By David McLaughlin and Dakin Campbell
Bank of America Corp. (BAC) has held settlement negotiations with some states over home foreclosures separately from talks with a larger group of state and federal officials, two people familiar with the matter said.
The proposed deal would give the bank liability releases from state and federal claims over its mortgage practices in exchange for reducing loan principals to help struggling homeowners, said the people, who didn’t want to be identified because the discussions aren’t public.
State and federal officials are negotiating a settlement with the five largest mortgage servicers, including Bank of America, over their servicing and foreclosure practices. Attorneys general from all 50 states began investigating the practices last year to determine whether banks and loan servicers used faulty documents to justify foreclosures.
Bank of America, in its separate negotiations, has offered to fund more principal writedowns than what is being discussed in the larger settlement talks, one of the people said. The bank is seeking a blanket liability release that would be broader than what would be available for the other banks involved in the negotiations, the person said.
Other attorneys general were unaware of the separate talks with Bank of America, the person said.
Rick Simon, a Bank of America spokesman, didn’t immediately return a call seeking comment after regular business hours yesterday. A call to the Charlotte, North Carolina-based bank’s media office also wasn’t returned.

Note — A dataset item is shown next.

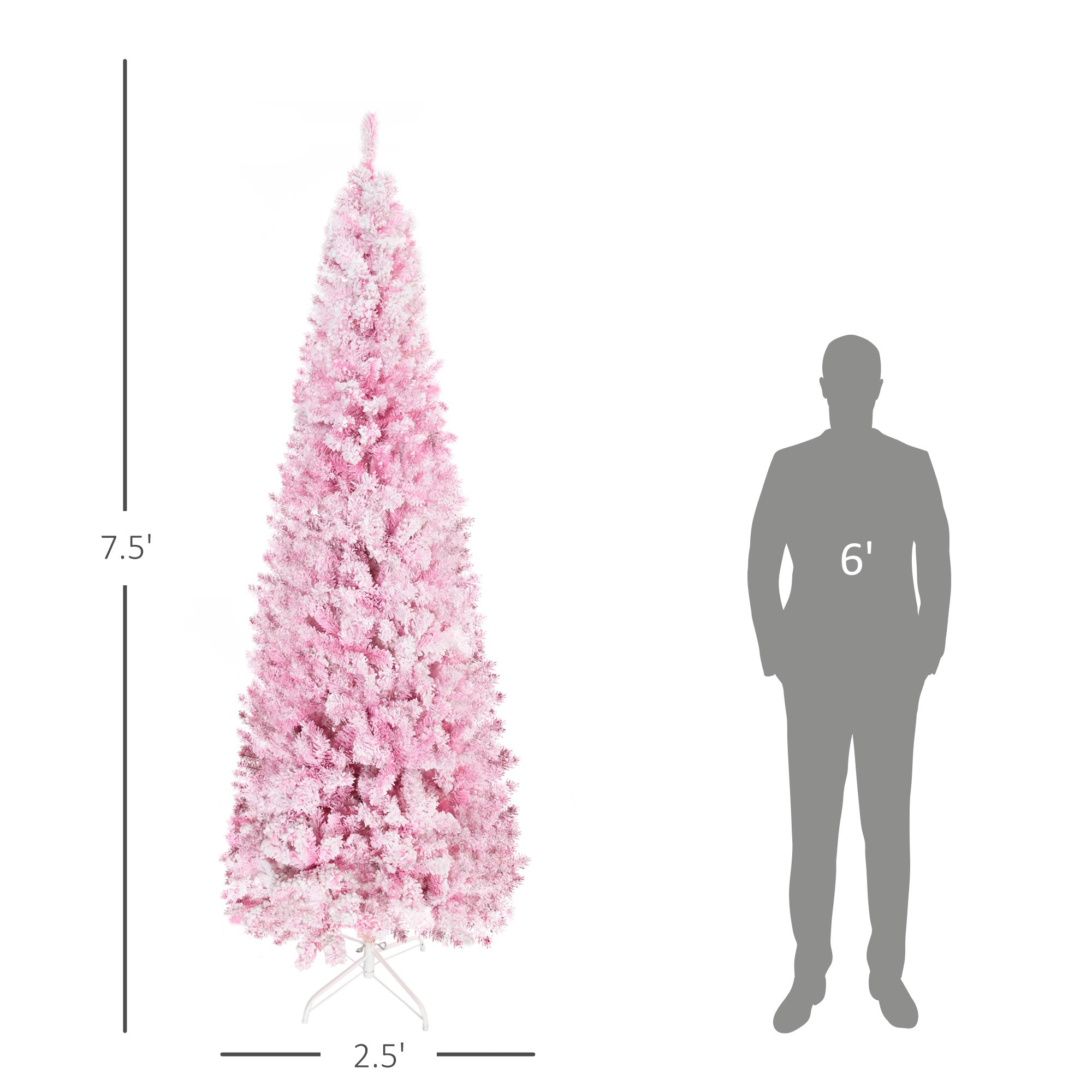 HOMCOM 7.5ft Pink Snow Flocked Pencil Christmas Tree: Realistic Slim Artificial Pine with Auto-Open, Flame-Retardant Plastic for Festive Home Decor & Holiday Ambiance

Bank of America’s separate negotiations with some of the states were reported yesterday by the Huffington Post.
Any principal reductions probably would involve borrowers who have to qualify for specific conditions, such as being at least 60 days late, the other person said. The deal could still fall apart and isn’t necessarily closer to being completed than a broader agreement involving all the states and all five banks, the person said.
Geoff Greenwood, a spokesman for Iowa Attorney General Tom Miller, declined to comment. Miller is leading negotiations for the 50 state attorneys general.
The other banks involved in the broader talks with state and federal officials are JPMorgan Chase & Co. (JPM), Citigroup Inc. (C), Wells Fargo & Co. (WFC) and Ally Financial Inc.
The probes by the attorneys general and federal regulators began amid allegations of practices such as robo-signing, or using workers with little or no training to sign thousands of documents filed in support of foreclosures without reading them. The investigations were broadened to include all aspects of the servicing business.
Officials are seeking a settlement that sets standards for how the banks service loans, interact with borrowers and conduct foreclosures, according to terms proposed in March. They also want the banks to fund loan modifications for homeowners.
A push by the banks to win broad liability releases was one of the main obstacles in talks to resolve the nationwide probe, two people briefed on the matter said in July.
The mortgage servicers sought protection from additional state and federal claims over their mortgage practices as part of reaching a settlement that may exceed $20 billion, according to those people, who declined to be named because the talks are private. The banks were seeking releases that go beyond servicing of mortgages to include lending and securitization of loans, one of those people said.
That effort encountered resistance from at least three states: Delaware, New York and Massachusetts.
Delaware Attorney General Beau Biden said in July he had “strong reservations” about a deal that provides releases related to practices such as securitization and lending, because servicing is the focus of the nationwide settlement talks. Massachusetts Attorney General Martha Coakley said she wouldn’t support an agreement that included releases for securitization of mortgages and conduct related to a database of mortgages known as MERS.